Who is the Perfectly Malfunctioned Housewife?

    I am a twenty-six year old new mother to an incredible little lady, who’s hell-bent on breaking me. But I have not given in yet and am holding on to the little bits of sanity I gained through the gene pool my own relatives passed down.

   Living in a small town in Ohio with my husband, Dave; daughter, Riley Paige; and seven other kids of the furry variation, my life is full of non-stop “oops”s, “uh-oh”s, “WHAT THE HELL”s, and “I need a drink”s.  I have been blind folded and dropped into a world of Donna Reed, Carol Brady, and (dare I compare myself to) Marge Simpson. I’ve handed over the parties, youthful romances, and spontaneity for a wedding ring and mom jeans. Before Riley showed up I never knew how to change a diaper, I thought swaddling was an action involved in Shaken Baby Syndrome  and those little bulb syringes; who knew were used for stuffy noses? Don’t even get me started on the belly button jerky. 

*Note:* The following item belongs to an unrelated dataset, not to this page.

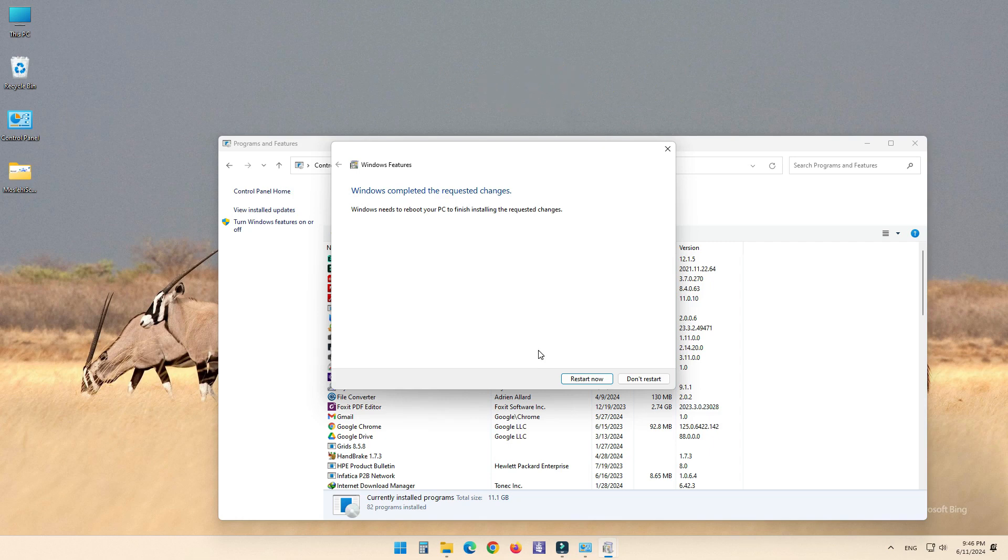Virtual machines are created and managed by a piece of software called a Hypervisor, which enables multiple virtual machines to run on a single physical machine or host. Each virtual machine operates independently with its own virtual hardware, operating system and applications.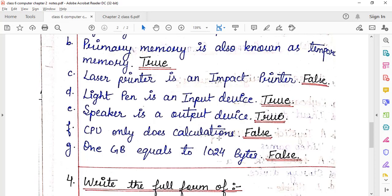CPU only does calculation — no. CPU means Central Processing Unit and has three sub-parts: ALU, which performs arithmetic and logic operations; CU, the Control Unit, which handles the controlling of data and instructions; and Memory Unit, which stores those instructions and data. So its job is not only calculation — it also makes logical decisions. Therefore this statement is false.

   I was an over compulsive neat freak with a sad phobia of human tongue touching any part of my irrational body. Then I was granted with this little snotty, drooling, diaper pooping bundle of joy.Sadly, all the episodes of 16 and Pregnant and A Baby Story in the world could not have prepared me for what laid in store for me.

 Imagine Paris Hilton waking up June Cleaver. This should be interesting.